The question is in the given picture :
And the answer is C as shown in the answer sheet below:
But this answer is so strange for me as I know that a set is closed if and only if it contains all its limit points and so the choice (A) is true also.
Could anyone explain this for me please? I want why should I exclude every choice other than (C).
On
Let's think of a tangible example.
Let $B = (0,1)$, and $b = 1$.
A. Is $B$ closed? Evidently not.
B. Is $B$ not open? In this case no. I could have written that $B' = [0,1)$ though, which is not open. Either case, this doesn't have to be true.
C. Is $b$ a limit point of $B$? It has to be, otherwise it wouldn't be the least upper bound.
D. This isn't true - for our example, consider $b_n = 1-\frac{1}{n}$. This is in $B$, and converges to $b$.

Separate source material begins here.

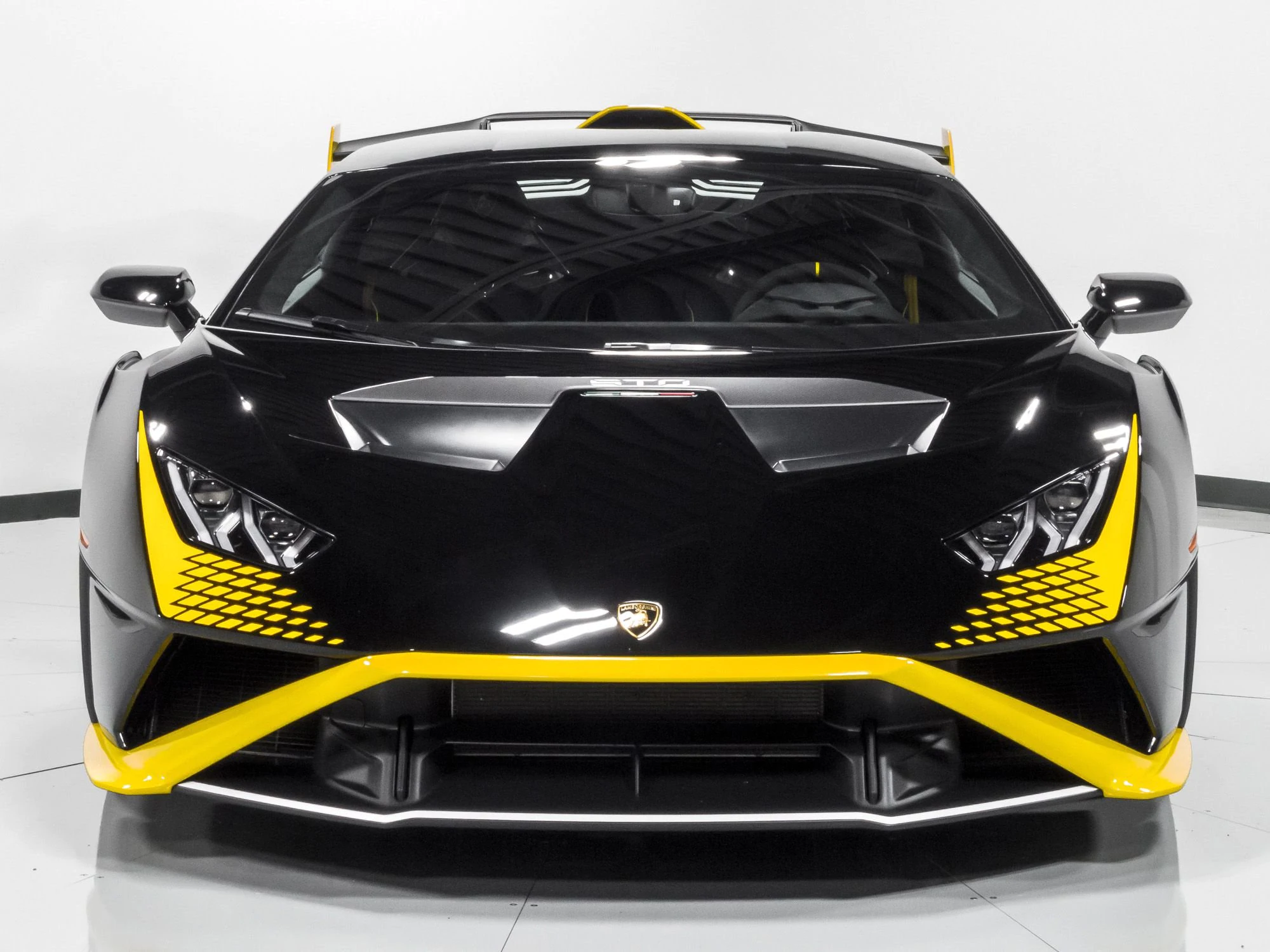 2022 Lamborghini Huracan STO, 17/17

E. This isn't true. We'd want an interval of the form $(1,2)$ or something like that, but $b$ isn't in this. If we try $(x,2)$ for $x<1$, $b$ will be in this, but it will always share another element of $B$.
For questions like (multiple choice), thinking of tangible examples can help a ton.
The question states that $b$ is not in $B$. Since $b$ is a limit point of $B$, $B$ does not contain all its limits points. So $B$ is not closed.
EDIT:
If there is an open interval $(b-\epsilon,b+\epsilon)$ with no element of $B$, then $b-\epsilon$ is an upper bound for $B$, which is a contradiction. So every open interval around $b$ intersects $B$, that is, $b$ is a limit point of $B$. This proves that C is true.
$B$ is not closed, because $b$ is a limit point of $B$ but $b\notin B$. So A is false.
Under the hypotesis of the question, $B$ may or may not be open. For example, $(b-1,b)$ is open, $b$ is its least upper bound and $b\notin (b-1,b)$. So, although we can not say that B is false, we can not either say that it is true. So B is not the correct answer.
D is false. We can define $b_n$ to be in the intersection $(b-\frac1n,b)\cap B$ to build a sequence in $B$ that converges to $b$.
E is also false, as we have already seen.